Pourtant, comme de nombreux auteurs qui utilisent le vécu comme matériau premier de leurs écrits, Louis rejette l’étiquette autofiction et défend le fait que la fiction n’est pas présente dans ses livres. Mais écrire sur le réel n’est pas sans conséquences sur ceux qui sont inclus, souvent à leur insu, dans ces livres.

Dans son deuxième roman autobiographique, Histoire de la violence, Louis relate une rencontre qui vire au drame lorsque le narrateur se fait attaquer et violer par un certain Reda. Celui qui se reconnaît en Reda a intenté un procès pour atteinte à la vie privée gagné par Louis, les juges ayant décrété que le livre ne contient pas suffisamment d’éléments pour identifier son agresseur.

Que l’autofiction soit perçue comme genre hybride, indéfinissable, mélange d’autobiographie et de fiction, explique en partie l’attrait de ce concept. Après tout, pourquoi chercher à démêler le vrai du faux alors que la littérature est d’abord question de liberté créatrice et d’invention ? Quelle importance si un texte autobiographique manipule la réalité ?
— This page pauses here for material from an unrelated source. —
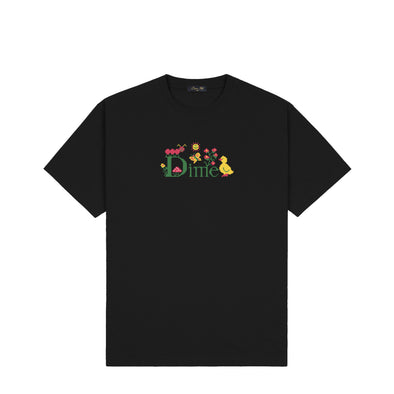 Dime Classic Cross Stitch T-Shirt - Black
Mais la littérature est aussi un acte de langage, un acte politique. Le mot de l’année 2016, selon le dictionnaire de l’université d’Oxford, est celui de « post-vérité ». Récemment, les conseillers de Trump ont évoqué avec assurance des « faits alternatifs ». Dans un contexte où la manipulation des faits transforme notre perception du pouvoir et du savoir, où l’émotionnel prime sur le rationnel, où l’on semble être indifférent à la frontière entre mensonge et vérité, il n’est pas inutile de mettre l’accent sur la capacité du langage à dévoiler et transformer la réalité. Pour ce faire, la notion d’autofiction et les débats qui l’entourent sont éminemment d’actualité – et peut-être serait-il aussi d’actualité de remettre à « auto-fiction » le tiret que Doubrovsky lui avait initialement donné, afin de faire la part des choses entre le réel et sa représentation.